À part ça le mensonge sur l'identité de John Doe est un problème digne d'un torchon à scandale. De façon parfaitement aberrante, ce détail sans intérêt provoque l'ire de la foule, qui n'est bien sûr pas capable de saisir que les idées ne disparaissaient pas avec l'individu charismatique qui les proclame. Si on m'apprend que John Doe est un personnage inventé, je ne vois pas ce que ça peut me foutre : il est apparu en tant que symbole médiatique depuis le début, son existence en chair et en os est accessoire.
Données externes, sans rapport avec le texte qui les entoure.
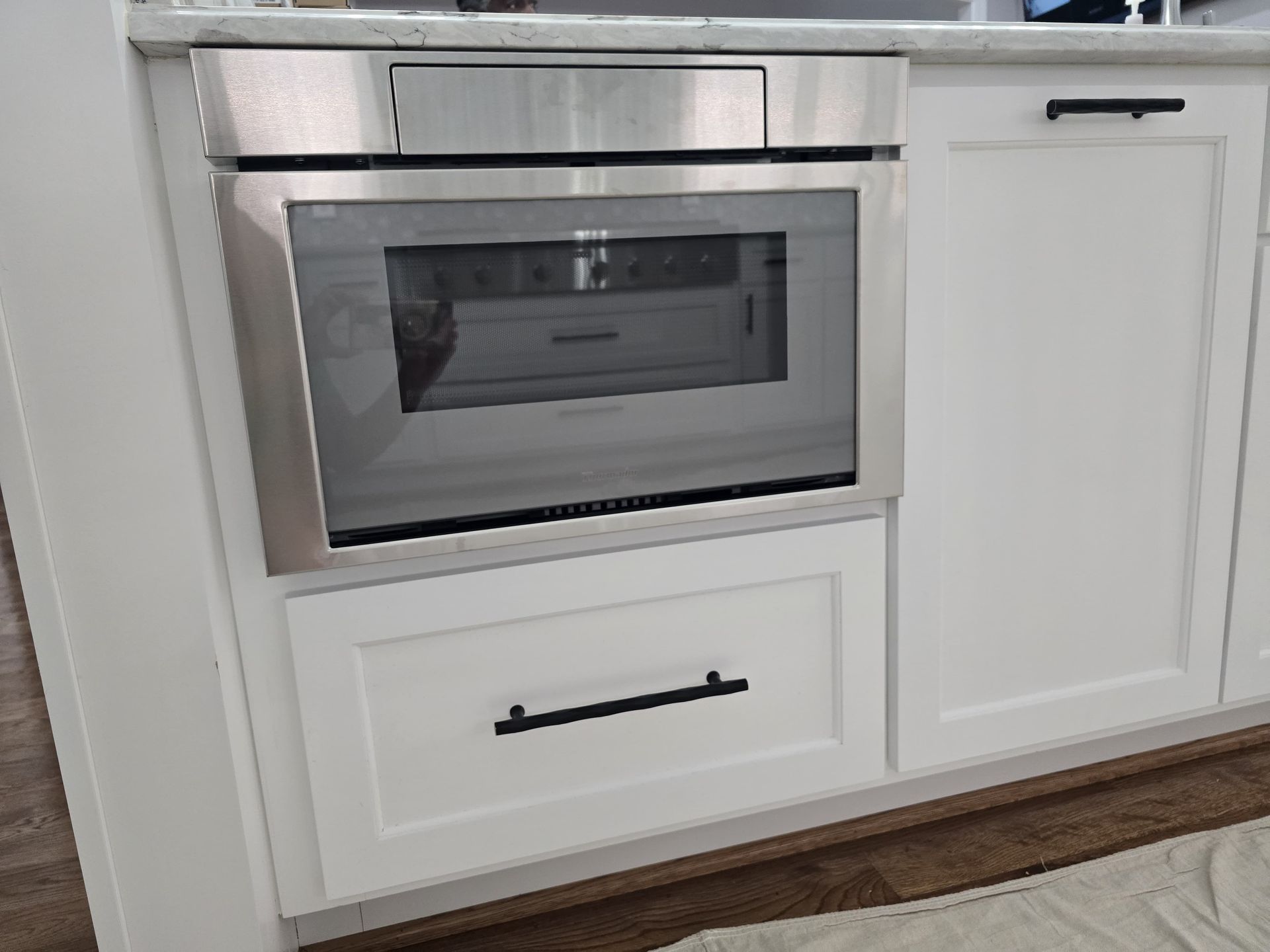 Built-in stainless steel microwave oven above a drawer, mounted in white kitchen cabinetry.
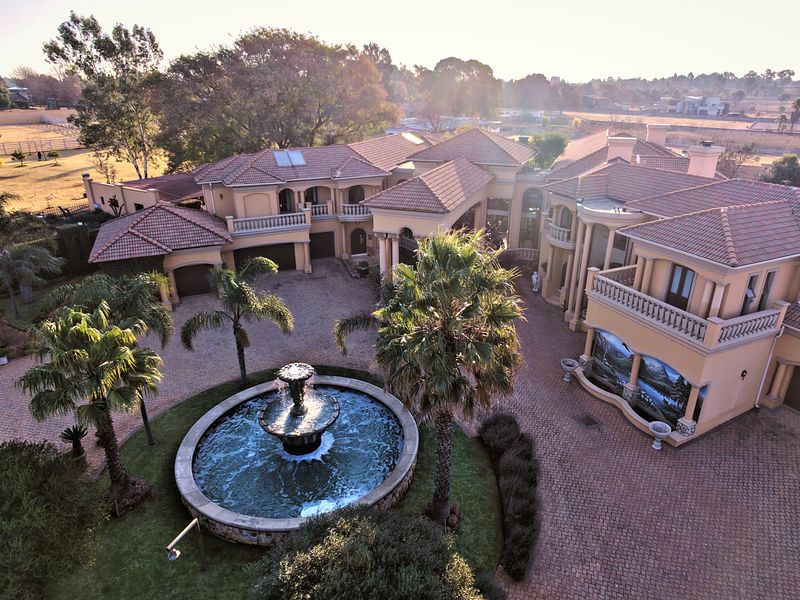 Aerial view of a large luxury residence featuring a paved courtyard, central water fountain, multiple garages, and extensive landscaped grounds.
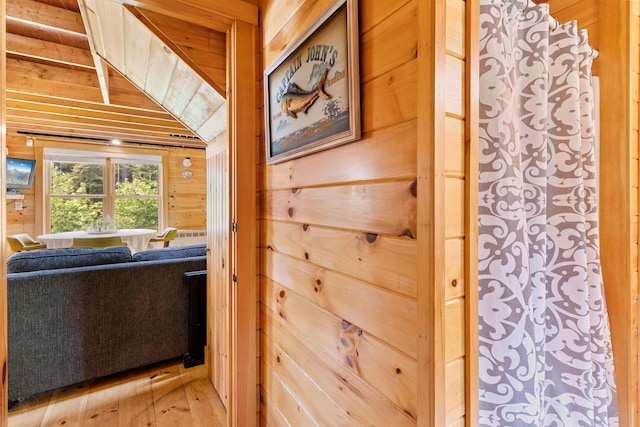 660 Sprague Rd, Waldoboro, ME 04572 - entryway featuring wooden walls, light wood-style floors, and lofted ceiling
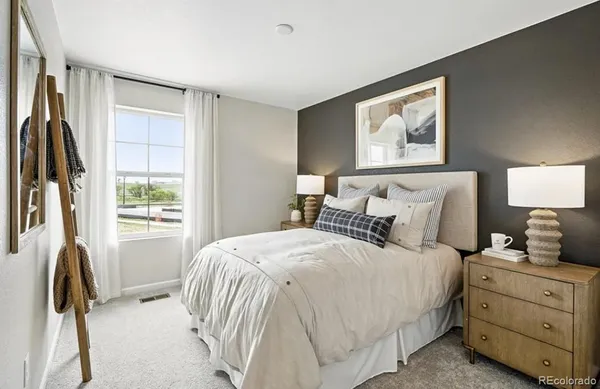a bathroom with a sink toilet and mirror
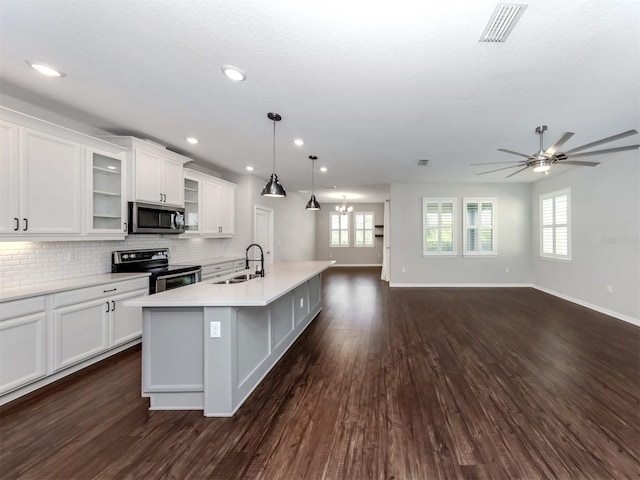 kitchen with dark wood-type flooring, sink, appliances with stainless steel finishes, decorative light fixtures, and white cabinetry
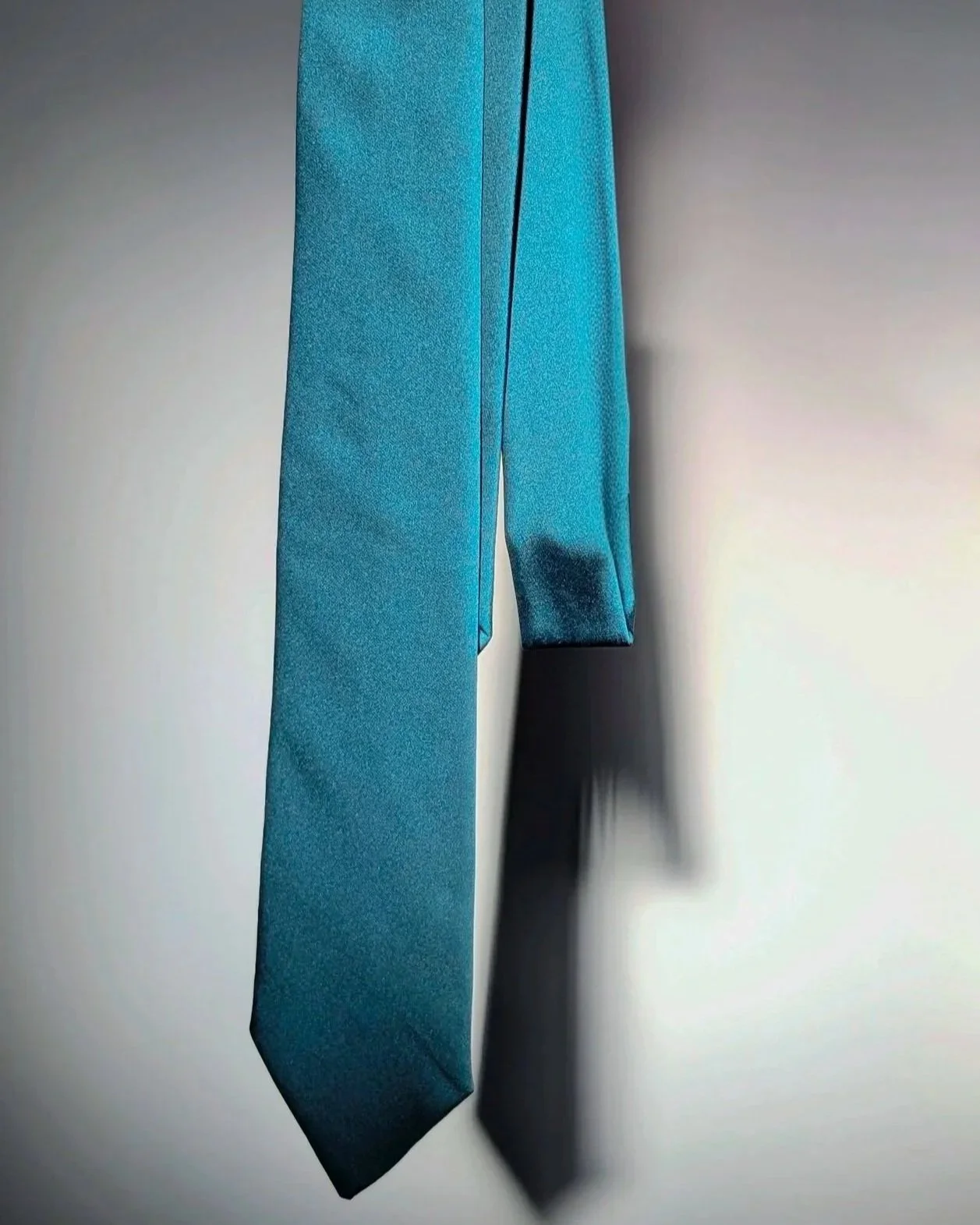 A teal tie hanging in front of a white background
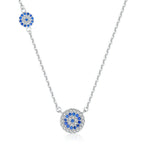 Silver-tone necklace with a centered blue evil eye medallion and smaller matching eye along the chain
Non non, Frank n'envisage pas un instant que cette satanée populace peut faire preuve d'intelligence, la masse abrutie restera toujours la masse abrutie, c'est dans sa "nature". Capra veut nous apprendre que les pugilats, ça existe. Grande leçon. D'ailleurs c'est tellement malin d'en faire le ressort principal d'une fiction, outre le fait que c'est aussi con et avilissant que "Saw" et "La Passion du Christ". Merci connard.
Pour rester à la pointe du consensuel Capra utilise les "politiciens" comme repoussoir, ce bon vieux truc. De son côté, par contre, il ne se gêne pas pour brasser un tas de symboles idéologiques énormes. Rien de politique, bien sûr.... Il nous sert la dose habituelle d'idolâtrie patriotique, et évidemment la religion chapeaute les bonnes choses. Mais surtout la politique n'est pas notre affaire, mieux vaut retourner au troupeau.
Et pourtant, c'est sans doute mon Capra préféré parmi ses films poujadistes. C'est difficile à croire mais le héros est moins sadiquement pilonné par le scénario que d'habitude, les méchants sont moins grossièrement dessinés que dans ceux avec Stewart. Tout est relatif, les procédés de diabolisation éhontés s'épanouissent comme d'habitude. Et puis Gary Cooper est assez sympathique, il passe par énormément de registres et son personnage reste un bon bougre, par delà les conneries du script.
Même si sa paranoïa excessive est constamment ridiculisée, le compagnon clochard de Willoughby nuance l'hypocrisie générale. Pendant l'horrible discours radiophonique, les plans sur cet homme qui montre la porte de sortie à son ami sont aussi comiques qu'émouvants, et c'est généralement un miracle (dans un Capra) de voir apparaître son visage incrédule quand le culte de la personnalité va trop loin.
Et puis il y a quelque chose de beau dans cette amitié vite esquissée entre Willoughby, l'ancien joueur de base-ball harmoniciste, et ce "Colonel" vagabond qui sifflote dans un drôle de bout de bois, sous un pont éclairé par un feu de camp, ou dans un wagon de marchandises au clair de lune.